| WHAT TO PRODUCE |
The response should consist only of the lines from the one with "Jihyo from TWICE" to the end of the data below, copied exactly and without pictures.

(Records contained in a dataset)
*** Begin section ***
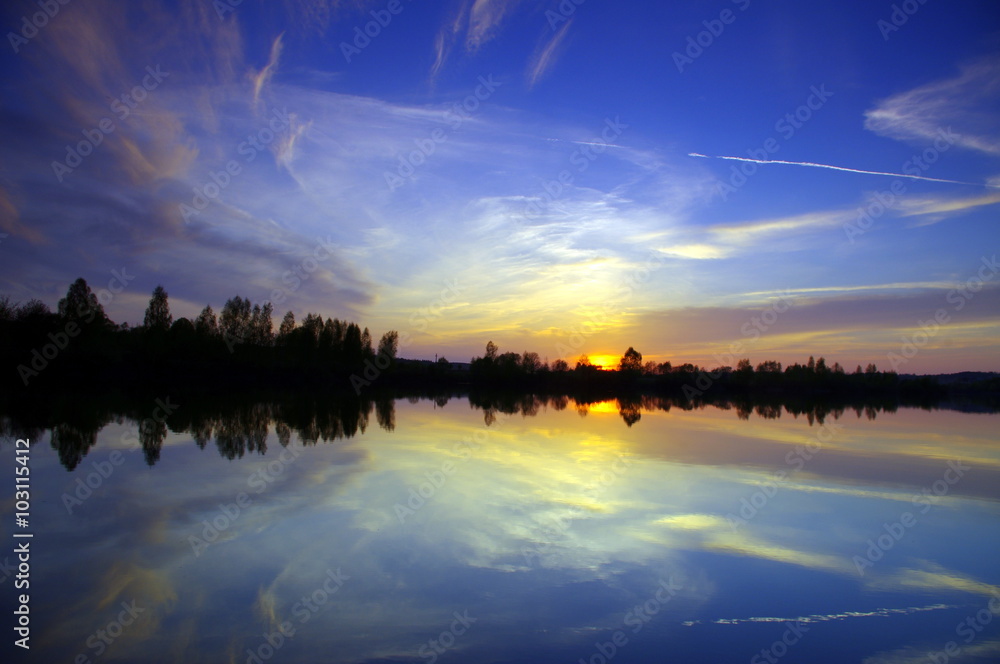 Dramatic evening sky over lake, tranquil nature scene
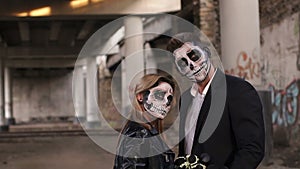 Halloween loving couple in costumes of skeletons and sugar skull make-up.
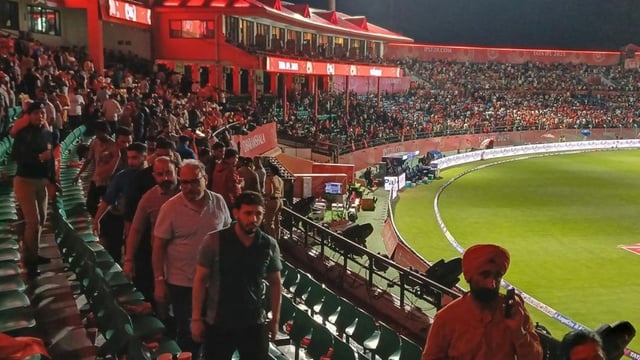 Spectators leave the HPCA stadium in Dharamsala following a blackout at the venue.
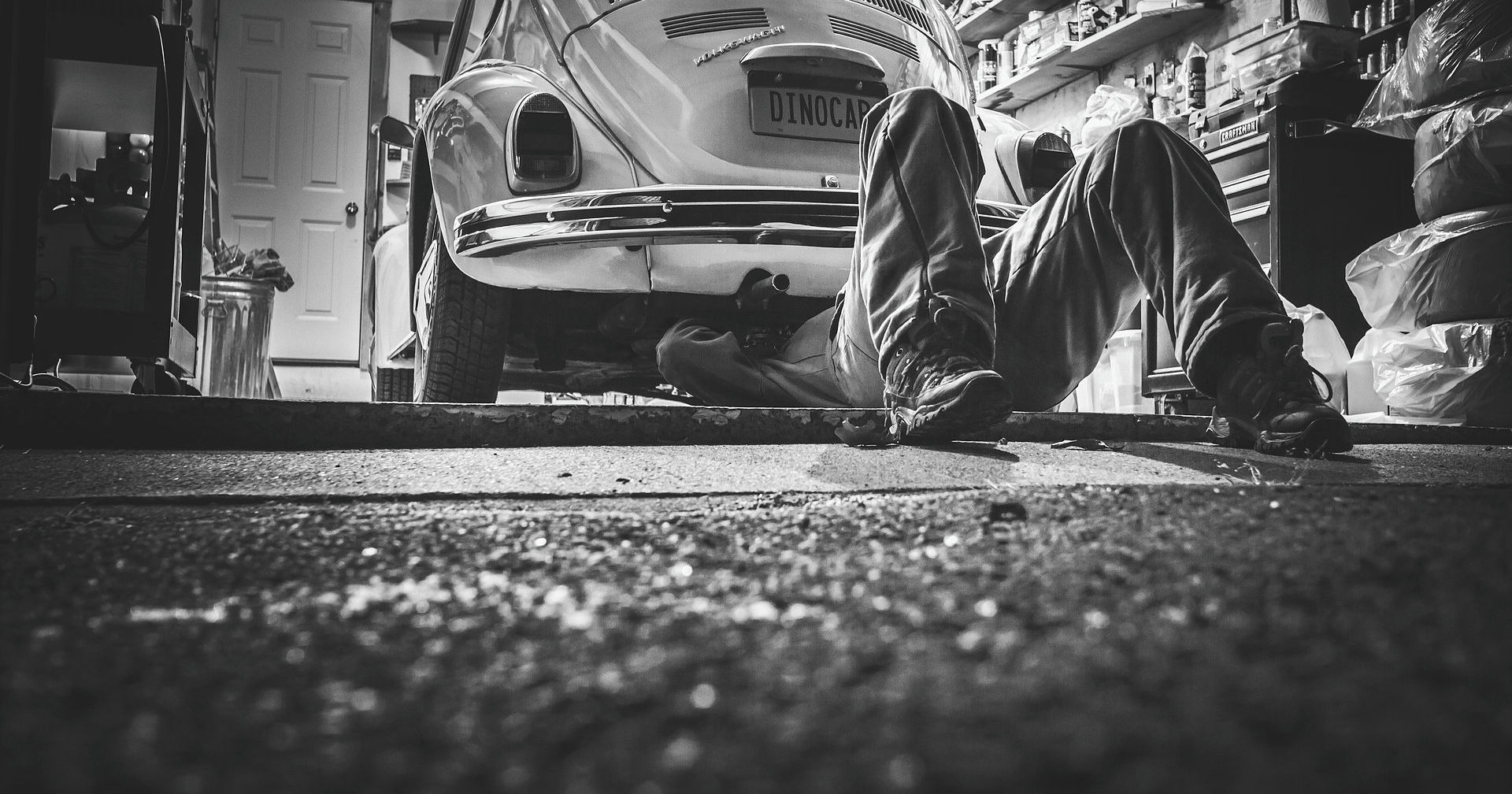 black and brown leather padded tub sofa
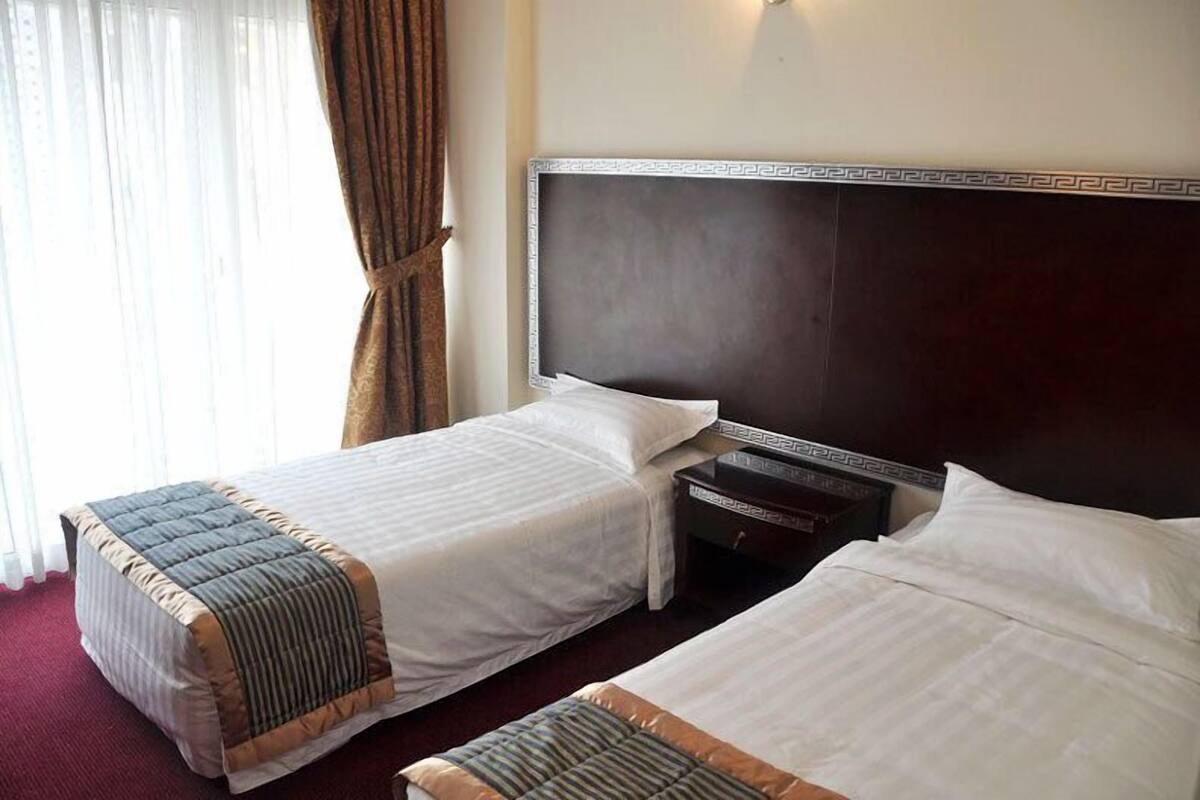 Une chambre d’hôtel avec deux lits, une tête de lit sombre, une table de chevet et une fenêtre avec des rideaux.
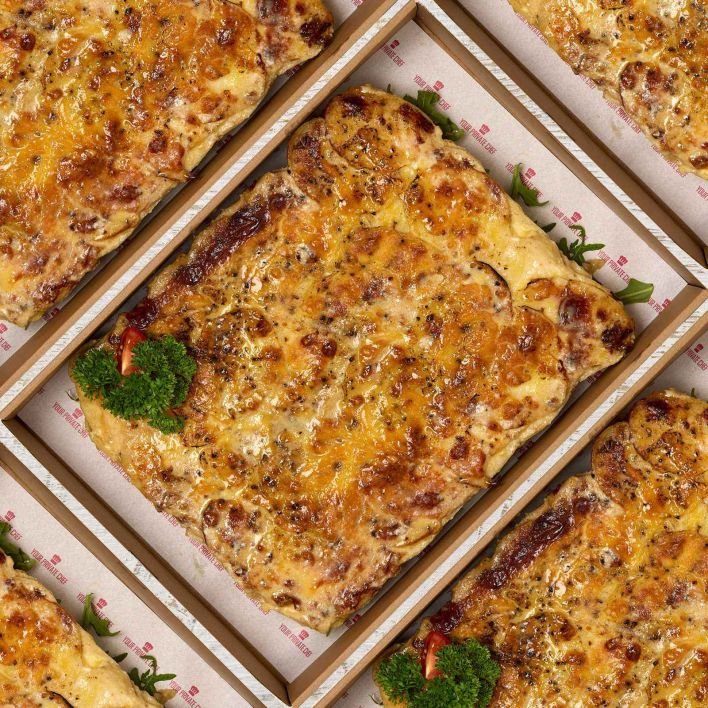 Potato Gratin - Layered Sliced potato with seasoned cream, tasty cheese & browned on top GF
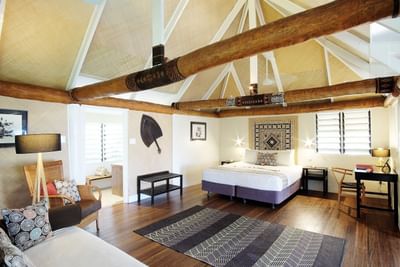 Beachfront Bures room with exposed beams, hardwood floors, and traditional furnishings at Musket Cove Island Resort & Marina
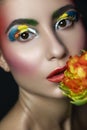 Close up portrait of Brunette woman with flawless clean skin. Creative colorful make up. Studio concept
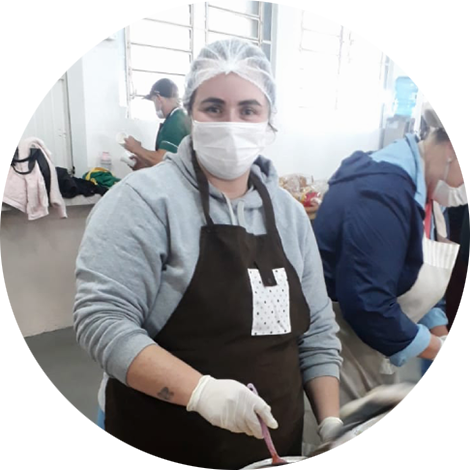 Foto de uma voluntária durante a montagem das pizzas.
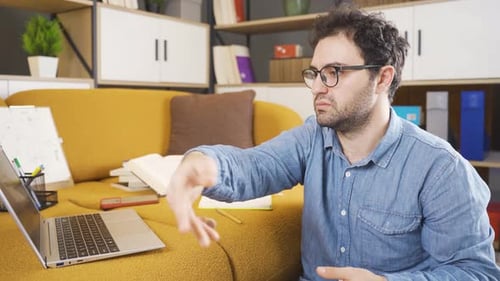 Man Works on Laptop During Video Conference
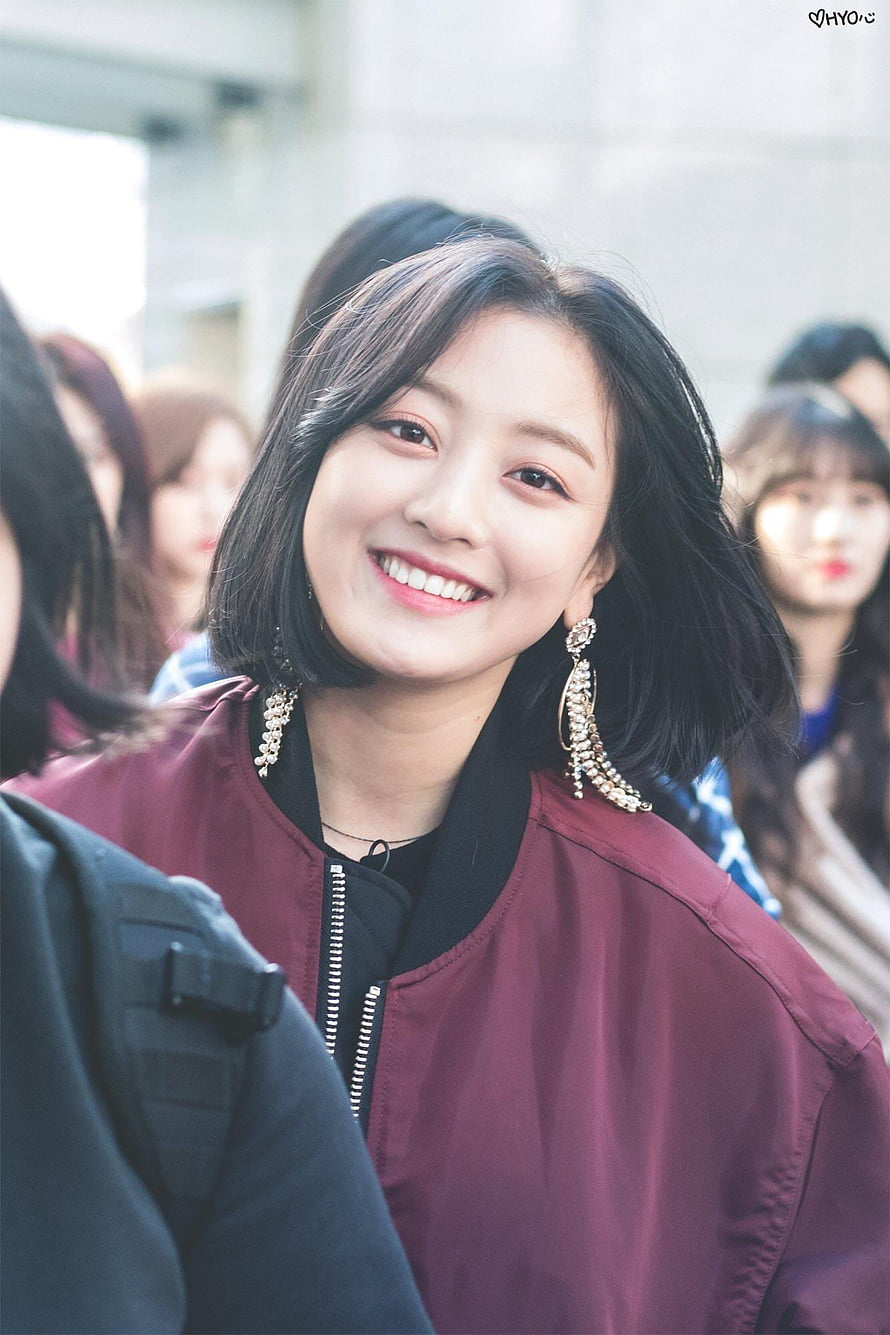 Jihyo from TWICE smiling in a maroon bomber jacket with statement earrings HD phone wallpaper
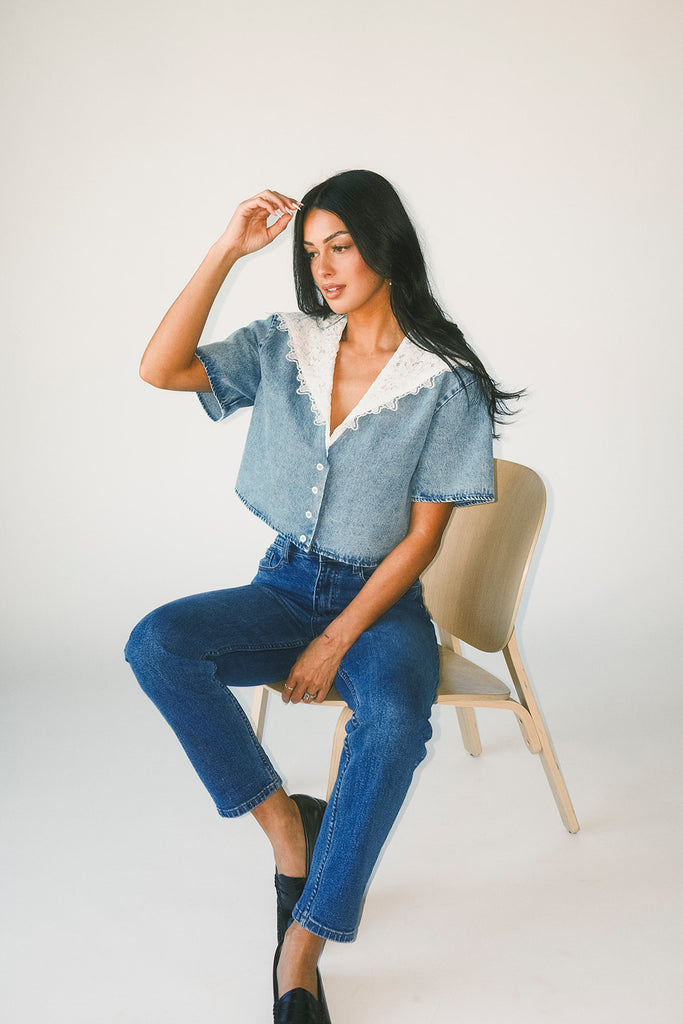 a short sleeve denim top with an oversized lace collar + a cropped silhouette. the perfect button up denim top to dress up or down for any outfit idea.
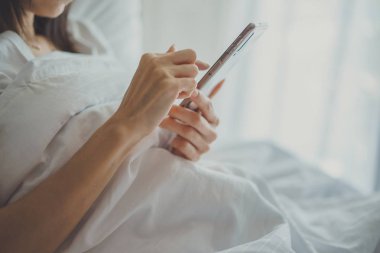 Cep telefonu ile yatakta yatak odasında Asya kız. Closeup 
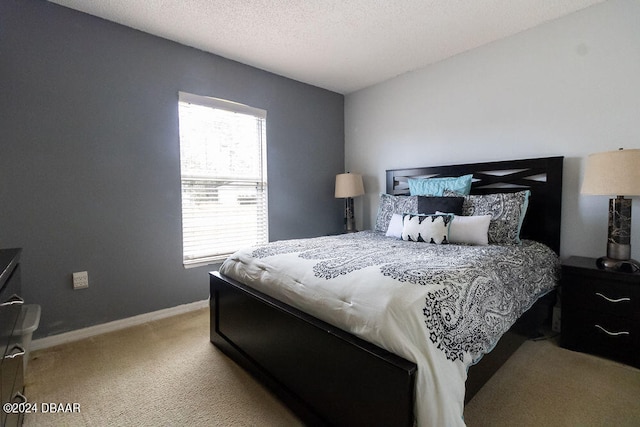 carpeted bedroom featuring a textured ceiling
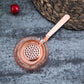Rose gold bartender ice strainer with spiral mesh and perforated filter disc, long handle
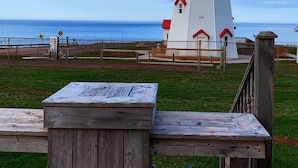 A lighthouse with a white and red exterior, situated on a grassy area with a wooden bench in the foreground.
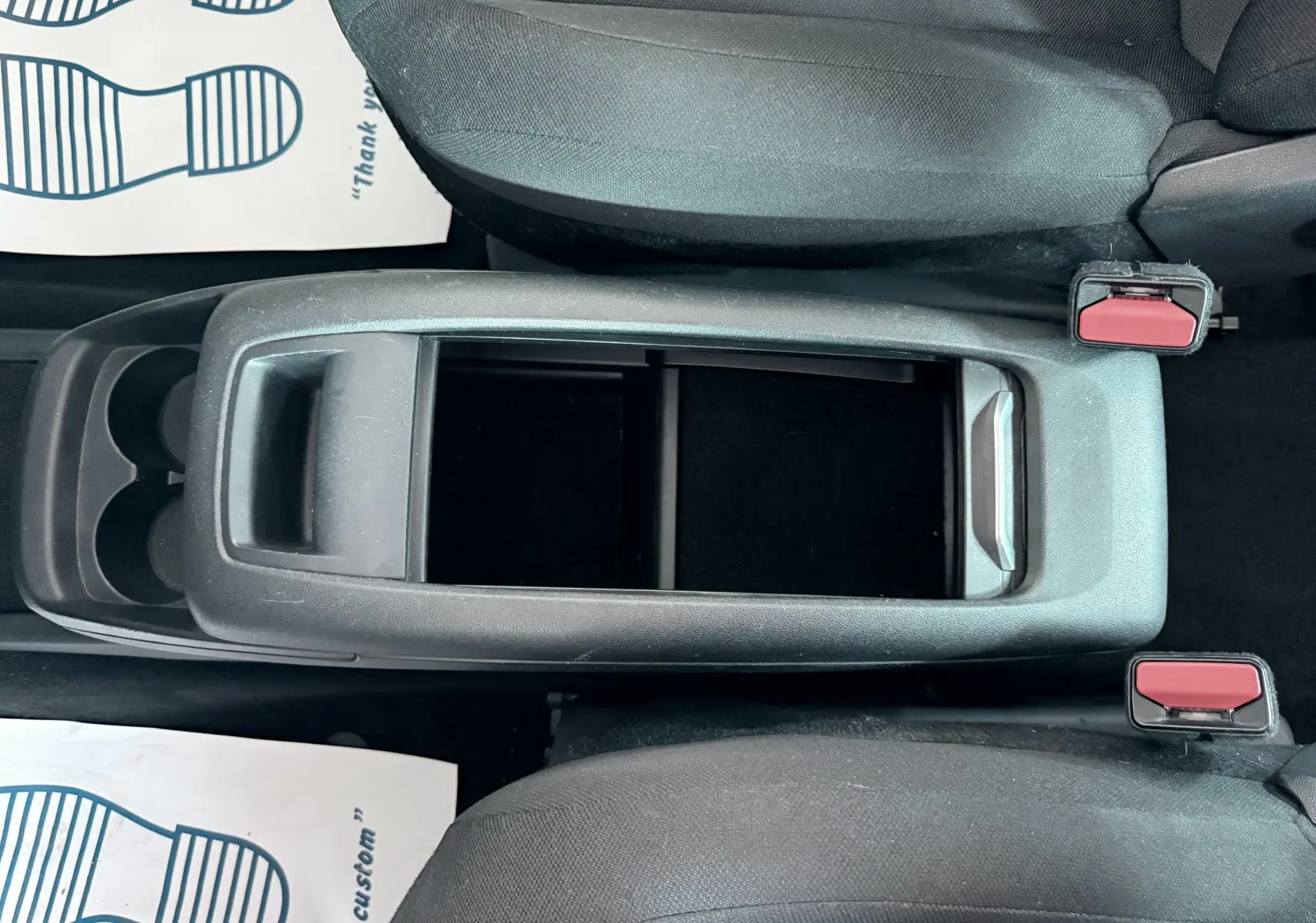Vue plongeante sur la console centrale noire entre les sièges avant en tissu gris foncé du Citroën C4 Spacetourer.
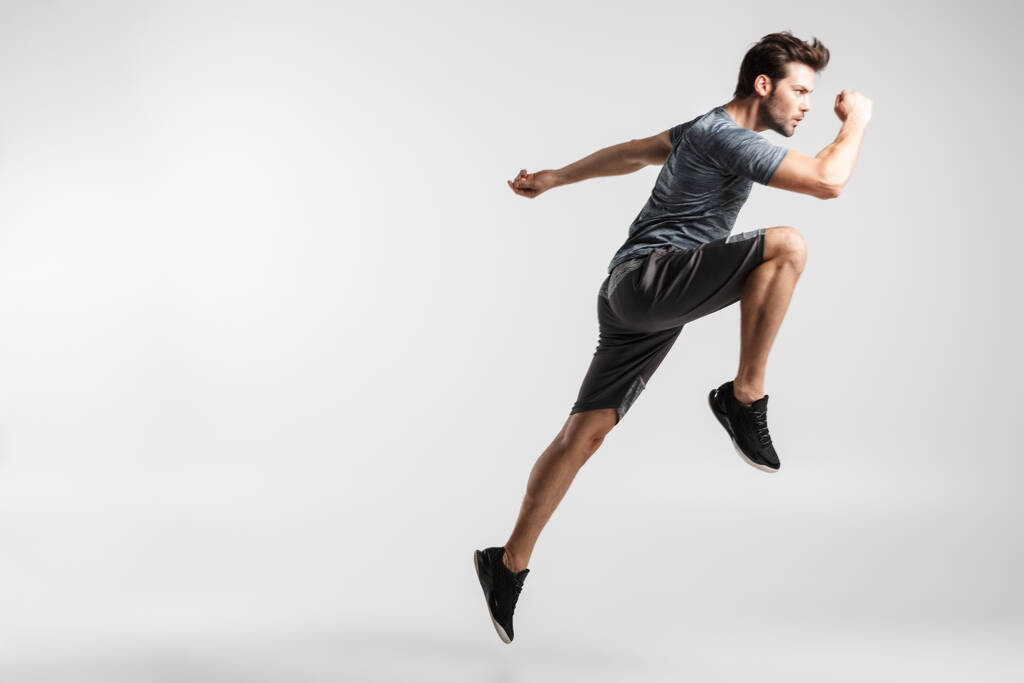 Imagen de un joven atlético en ropa deportiva haciendo ejercicio mientras hace ejercicio aislado sobre fondo blanco
 - Foto, imagen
*** End section ***
| ANSWER FOR THIS EXERCISE |
 Jihyo from TWICE smiling in a maroon bomber jacket with statement earrings HD phone wallpaper
 a short sleeve denim top with an oversized lace collar + a cropped silhouette. the perfect button up denim top to dress up or down for any outfit idea.
 Cep telefonu ile yatakta yatak odasında Asya kız. Closeup 
 carpeted bedroom featuring a textured ceiling
Rose gold bartender ice strainer with spiral mesh and perforated filter disc, long handle
 A lighthouse with a white and red exterior, situated on a grassy area with a wooden bench in the foreground.
Vue plongeante sur la console centrale noire entre les sièges avant en tissu gris foncé du Citroën C4 Spacetourer.
 Imagen de un joven atlético en ropa deportiva haciendo ejercicio mientras hace ejercicio aislado sobre fondo blanco
 - Foto, imagen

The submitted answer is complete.